20th July 2005
Today I got Anthony’s birthday present and card sent off plus I enclosed a short note as well so he should get them well before his birthday. I have my doubts about the present as much as I love it …. ‘Footprints in the Sand’ tastefully done on a mirror …. as Anthony takes a dim view of anything spiritual despite being brought up in a Christian home. In my note I didn’t give away what I had bought him but just ask him to think about the meaning of the present and not to take it at face value. He is so very hard to buy presents and wish he had given me ideas but it’s done now. The message behind it though was to let him know I have always loved him even though I occasionally tell him and to reinforce I have always thought about him/always will. I feel very empty now which is a horrible feeling …. I don’t know how to work through this one as it’s the first time I’ve felt like this since reunion.

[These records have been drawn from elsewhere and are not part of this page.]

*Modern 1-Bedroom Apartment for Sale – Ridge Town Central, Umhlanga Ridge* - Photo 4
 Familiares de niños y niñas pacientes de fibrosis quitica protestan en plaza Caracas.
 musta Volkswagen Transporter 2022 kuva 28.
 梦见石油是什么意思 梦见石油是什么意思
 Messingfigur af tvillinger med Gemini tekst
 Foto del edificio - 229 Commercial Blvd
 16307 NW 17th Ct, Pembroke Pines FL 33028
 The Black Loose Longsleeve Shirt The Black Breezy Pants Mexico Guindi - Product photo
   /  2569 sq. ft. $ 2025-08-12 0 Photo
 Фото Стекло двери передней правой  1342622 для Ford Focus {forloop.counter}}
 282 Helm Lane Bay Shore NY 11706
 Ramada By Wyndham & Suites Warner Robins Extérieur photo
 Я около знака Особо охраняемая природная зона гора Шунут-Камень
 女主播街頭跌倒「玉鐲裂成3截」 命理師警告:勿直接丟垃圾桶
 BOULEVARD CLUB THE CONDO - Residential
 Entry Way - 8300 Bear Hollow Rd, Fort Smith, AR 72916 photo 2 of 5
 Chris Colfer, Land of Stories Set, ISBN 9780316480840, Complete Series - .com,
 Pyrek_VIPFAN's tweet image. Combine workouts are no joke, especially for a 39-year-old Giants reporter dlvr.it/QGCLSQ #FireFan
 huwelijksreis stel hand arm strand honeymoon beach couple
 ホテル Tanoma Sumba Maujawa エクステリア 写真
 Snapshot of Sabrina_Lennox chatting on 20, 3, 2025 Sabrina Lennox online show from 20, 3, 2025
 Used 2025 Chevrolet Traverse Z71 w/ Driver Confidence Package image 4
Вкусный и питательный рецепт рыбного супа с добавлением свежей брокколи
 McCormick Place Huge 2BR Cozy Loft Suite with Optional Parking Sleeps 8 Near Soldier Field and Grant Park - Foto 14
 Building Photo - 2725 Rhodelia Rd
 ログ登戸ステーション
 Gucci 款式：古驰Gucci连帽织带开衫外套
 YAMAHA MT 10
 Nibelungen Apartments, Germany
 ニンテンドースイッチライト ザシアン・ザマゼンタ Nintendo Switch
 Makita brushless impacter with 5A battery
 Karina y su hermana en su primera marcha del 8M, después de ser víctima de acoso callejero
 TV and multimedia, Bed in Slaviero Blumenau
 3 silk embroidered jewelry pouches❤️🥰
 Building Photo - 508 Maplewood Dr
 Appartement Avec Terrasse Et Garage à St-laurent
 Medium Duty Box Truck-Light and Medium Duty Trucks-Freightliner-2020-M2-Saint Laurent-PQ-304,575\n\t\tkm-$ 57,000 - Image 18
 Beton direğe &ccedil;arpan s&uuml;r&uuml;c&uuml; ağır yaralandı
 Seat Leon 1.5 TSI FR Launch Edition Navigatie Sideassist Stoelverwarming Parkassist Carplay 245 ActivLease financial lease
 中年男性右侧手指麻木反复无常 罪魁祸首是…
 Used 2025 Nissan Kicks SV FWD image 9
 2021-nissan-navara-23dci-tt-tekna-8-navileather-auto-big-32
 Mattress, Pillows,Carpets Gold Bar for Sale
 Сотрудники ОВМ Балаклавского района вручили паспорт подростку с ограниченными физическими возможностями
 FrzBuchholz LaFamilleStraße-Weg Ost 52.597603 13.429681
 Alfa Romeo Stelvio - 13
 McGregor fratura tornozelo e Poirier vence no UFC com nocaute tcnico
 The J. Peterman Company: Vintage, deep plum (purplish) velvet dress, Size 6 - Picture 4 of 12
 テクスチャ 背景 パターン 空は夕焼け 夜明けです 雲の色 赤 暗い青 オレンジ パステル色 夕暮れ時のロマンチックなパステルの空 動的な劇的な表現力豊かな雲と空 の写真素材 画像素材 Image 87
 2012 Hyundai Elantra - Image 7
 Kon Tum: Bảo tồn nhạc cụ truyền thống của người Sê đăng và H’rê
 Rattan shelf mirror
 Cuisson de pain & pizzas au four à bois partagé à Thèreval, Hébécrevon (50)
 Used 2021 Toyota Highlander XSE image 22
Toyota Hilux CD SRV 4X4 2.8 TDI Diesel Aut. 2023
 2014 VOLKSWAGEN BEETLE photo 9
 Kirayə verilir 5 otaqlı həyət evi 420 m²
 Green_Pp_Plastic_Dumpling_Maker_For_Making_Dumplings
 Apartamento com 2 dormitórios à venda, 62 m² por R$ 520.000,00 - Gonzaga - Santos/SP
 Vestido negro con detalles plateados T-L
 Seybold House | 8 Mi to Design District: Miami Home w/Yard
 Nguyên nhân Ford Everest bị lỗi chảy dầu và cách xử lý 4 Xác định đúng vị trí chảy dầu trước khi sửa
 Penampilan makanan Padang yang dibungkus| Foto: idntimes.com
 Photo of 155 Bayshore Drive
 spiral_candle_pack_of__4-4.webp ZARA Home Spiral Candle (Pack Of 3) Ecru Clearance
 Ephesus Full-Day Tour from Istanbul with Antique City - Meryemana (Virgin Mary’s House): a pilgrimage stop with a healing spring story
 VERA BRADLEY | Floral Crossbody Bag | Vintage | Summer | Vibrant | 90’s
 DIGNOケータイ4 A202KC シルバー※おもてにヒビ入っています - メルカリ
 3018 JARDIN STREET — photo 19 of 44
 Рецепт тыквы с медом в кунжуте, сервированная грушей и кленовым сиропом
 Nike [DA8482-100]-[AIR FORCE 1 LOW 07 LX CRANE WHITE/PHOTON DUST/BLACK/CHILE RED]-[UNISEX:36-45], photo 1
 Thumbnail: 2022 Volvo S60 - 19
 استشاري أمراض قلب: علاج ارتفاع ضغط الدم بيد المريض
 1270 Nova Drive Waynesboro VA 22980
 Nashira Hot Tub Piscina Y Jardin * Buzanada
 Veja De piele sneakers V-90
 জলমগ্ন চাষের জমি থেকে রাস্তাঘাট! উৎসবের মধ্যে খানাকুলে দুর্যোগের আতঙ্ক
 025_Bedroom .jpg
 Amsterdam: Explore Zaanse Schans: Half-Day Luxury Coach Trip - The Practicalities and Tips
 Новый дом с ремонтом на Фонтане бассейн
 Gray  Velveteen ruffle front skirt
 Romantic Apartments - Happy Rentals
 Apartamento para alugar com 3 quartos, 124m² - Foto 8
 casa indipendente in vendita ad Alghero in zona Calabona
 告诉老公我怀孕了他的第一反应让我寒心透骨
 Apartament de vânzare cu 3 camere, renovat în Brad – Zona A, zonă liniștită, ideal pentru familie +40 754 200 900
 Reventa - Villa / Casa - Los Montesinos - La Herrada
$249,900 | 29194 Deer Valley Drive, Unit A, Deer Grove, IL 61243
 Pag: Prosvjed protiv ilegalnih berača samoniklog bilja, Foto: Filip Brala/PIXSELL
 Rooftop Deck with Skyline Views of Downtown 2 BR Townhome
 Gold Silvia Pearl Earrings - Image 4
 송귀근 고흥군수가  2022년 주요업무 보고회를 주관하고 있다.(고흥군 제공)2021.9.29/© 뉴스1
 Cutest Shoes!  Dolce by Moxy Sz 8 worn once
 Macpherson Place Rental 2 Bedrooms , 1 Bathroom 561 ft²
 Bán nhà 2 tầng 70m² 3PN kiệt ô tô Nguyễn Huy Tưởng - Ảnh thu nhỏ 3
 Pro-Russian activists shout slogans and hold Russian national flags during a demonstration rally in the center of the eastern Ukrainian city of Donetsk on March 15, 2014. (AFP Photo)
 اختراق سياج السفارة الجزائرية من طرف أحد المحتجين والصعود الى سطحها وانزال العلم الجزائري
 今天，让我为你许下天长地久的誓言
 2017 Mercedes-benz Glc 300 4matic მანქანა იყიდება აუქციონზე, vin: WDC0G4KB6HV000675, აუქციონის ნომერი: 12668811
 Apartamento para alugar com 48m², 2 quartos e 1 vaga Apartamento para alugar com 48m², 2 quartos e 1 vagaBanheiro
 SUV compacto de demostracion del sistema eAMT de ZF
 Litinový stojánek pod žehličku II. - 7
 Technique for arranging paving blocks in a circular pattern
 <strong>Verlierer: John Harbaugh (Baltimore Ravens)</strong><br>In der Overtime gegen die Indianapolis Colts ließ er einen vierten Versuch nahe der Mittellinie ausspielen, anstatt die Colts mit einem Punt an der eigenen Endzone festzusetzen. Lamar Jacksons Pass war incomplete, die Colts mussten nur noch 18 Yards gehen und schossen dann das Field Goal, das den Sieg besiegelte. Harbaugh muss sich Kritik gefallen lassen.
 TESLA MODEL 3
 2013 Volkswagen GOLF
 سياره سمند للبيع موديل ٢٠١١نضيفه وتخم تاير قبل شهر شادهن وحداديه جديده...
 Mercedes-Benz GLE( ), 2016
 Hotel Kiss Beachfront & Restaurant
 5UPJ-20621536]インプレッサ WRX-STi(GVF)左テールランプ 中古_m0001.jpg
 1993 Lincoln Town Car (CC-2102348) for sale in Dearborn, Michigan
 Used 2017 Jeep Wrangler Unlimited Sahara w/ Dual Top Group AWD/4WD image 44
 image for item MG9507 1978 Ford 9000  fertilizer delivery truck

My feelings of low self esteem have also gone through the floor so I haven’t any at all now. My confidence has taken a battering as well and I can’t even say/write anything to anybody about that either. Writing in my journal and keeping it public is the only way I feel comfortable letting others know what I’m going through. I have much going for me, I’m in reunion, have my health, am married even if it isn’t exactly a match made in heaven and I have friends. The only down side is being married to someone who doesn’t understand how much he does knock my confidence and self esteem. Rick thinks he is being funny when he puts me down in joke but after 11 years of this I can’t take much more. I’m not sure what is worse …. him doing so in joke or in anger as both are as bad as each other.